I
Am a Stranger Here Myself
University of New
Mexico Press
1. What inspired you to write this book? As our country has
become increasingly polarized over these past years, I’ve felt keenly a divide
with my own family—patriarchal, staunchly conservative, and steeped in the
mythology of the Frontier West. While I love Idaho, where I was born and
raised, and fiercely honor my family’s heritage, I also must be true to my own feminist
beliefs and values. So when I found a book in my grandmother’s collection about
the first white woman to cross the Rocky Mountains in 1836 (she was reported to
be the first), a missionary named Narcissa Whitman, I dove in to her history,
suspecting that if I could discover something essential about the first white
woman in the West, I would also solve a dilemma in myself.
When I
started reading about Narcissa, I did so with a revisionist mindset (I was
early to judgment about her and her religious agenda): I considered her yet
another colonizer determined to dismantle a distant culture’s traditions and
epistemology. That’s pretty much true of Narcissa and her husband, Marcus:
their way was the only way and because of their narrow views, they clashed
horribly with the people they’d come to “save,” the Cayuse Tribe. In 1847, a
band of Cayuse attacked the Whitman Mission and killed Narcissa, Marcus, and a
dozen others. Fifty women and children were taken hostage.
The
story fascinated me, so many layers of expectation and distrust and greed and
exploitation. What surprised me was that, over time, she became, for me, a
complex and vulnerable woman. I began to recognize the trap she was bound in,
and this confirmed in me a need to comb through my own legacy as a fifth
generation Idahoan. How can I be a woman of the West and still be true to
myself? That became my central question, and Narcissa Whitman helped me pry open
many answers.
2. Who should read it and why? Any woman who recognizes herself in this divide—family members positioned against each other as polarization deepens. My intention was not to vilify my relatives, but to discover in myself a sense of reconciliation and peace in these troubled times. Also, anyone interested in the history of US expansion and Manifest Destiny would find elements to love, hate, and quibble with in this book. I’m not an historian or a scholar—this is a creative expression of what I took from my years of research and I’m eager to share that with readers.
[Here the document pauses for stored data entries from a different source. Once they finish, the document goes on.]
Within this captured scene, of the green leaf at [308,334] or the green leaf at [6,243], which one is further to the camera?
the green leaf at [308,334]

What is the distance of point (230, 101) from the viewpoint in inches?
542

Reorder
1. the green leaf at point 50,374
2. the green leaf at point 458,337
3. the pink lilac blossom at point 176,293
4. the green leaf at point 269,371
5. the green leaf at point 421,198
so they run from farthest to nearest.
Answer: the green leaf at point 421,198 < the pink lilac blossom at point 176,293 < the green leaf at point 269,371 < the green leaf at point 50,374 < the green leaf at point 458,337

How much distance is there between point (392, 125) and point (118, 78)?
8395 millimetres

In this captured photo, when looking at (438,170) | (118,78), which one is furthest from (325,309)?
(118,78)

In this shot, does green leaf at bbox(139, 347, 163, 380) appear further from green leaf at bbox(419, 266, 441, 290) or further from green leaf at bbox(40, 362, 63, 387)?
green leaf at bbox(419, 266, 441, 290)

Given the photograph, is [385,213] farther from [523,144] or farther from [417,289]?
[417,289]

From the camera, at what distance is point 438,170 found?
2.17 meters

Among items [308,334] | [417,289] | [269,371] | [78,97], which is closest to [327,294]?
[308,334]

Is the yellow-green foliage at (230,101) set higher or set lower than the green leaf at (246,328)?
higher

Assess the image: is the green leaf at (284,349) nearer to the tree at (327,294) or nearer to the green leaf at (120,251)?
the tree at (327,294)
2. Who should read it and why? Any woman who recognizes herself in this divide—family members positioned against each other as polarization deepens. My intention was not to vilify my relatives, but to discover in myself a sense of reconciliation and peace in these troubled times. Also, anyone interested in the history of US expansion and Manifest Destiny would find elements to love, hate, and quibble with in this book. I’m not an historian or a scholar—this is a creative expression of what I took from my years of research and I’m eager to share that with readers.
3.
How is it better or
different than others in the genre? I’m very excited to be writing in this
time of genre-busting. Helen McDonald’s H is for Hawk is in that
camp, and was hugely inspirational to me because for the first time I felt I
could successfully combine my own story and personal journey with the
historical tale of Narcissa Whitman. The resulting book, I Am a Stranger
Here Myself, is part memoir and part expository narrative—my take, again,
on striking historical incidents that formed the Western ethos that has
trickled down through generations of my family.
4.
What challenges did
you overcome to write your book? My challenge certainly wasn’t a lack of
research materials about Narcissa Whitman, but perhaps too much. The first
drafts of the book were overly dense with information, and my job, over the
course of several years and much revising, was to discover a good balance of
information and story-telling, which vexed me for a long time. My other
challenge was to find a way to write about my role in family dynamics with
fierce honesty, holding my own feet to the fire and eschewing, as best I could,
blame.
5.
What lasting messages
do you hope your readers are left after consuming your book? Perhaps that history,
indeed, repeats itself. The expansion of the West, one of this country’s most
profound migrations (300,000 people within a five-six year window on the Oregon
Trail), was rife with many of the same issues we face today: the vilification
of the “other,” in this case the Native people of frontier; the falsification
of facts and fabrication of tales to bolster a questionable movement; and a
very unsettled relationship with the Federal government—new settlers (speaking
broadly) demanded government help and aid in procuring land, but then wanted
largely to be left alone, free of restrictions and regulations.
6. What advice do you have for struggling writers? Hang in there! Meet with other
writers; read and read some more. Believe
in yourself and what you have to say.
7.
Where do you see the
book publishing industry heading? My first book was published ten years ago by
Houghton Mifflin Harcourt, so I went through the process with a large New York
trade publisher. This book, because it’s the winner of the River Teeth
Nonfiction Prize, was contracted with a small university publisher. I have
learned tremendously from both experiences and find myself, more than ever,
hoping for a resurgence of the mid-list book with less emphasis on giant best
sellers. It’s my plan to keep writing and I certainly hope to be part of the US
publishing industry for a long time to come.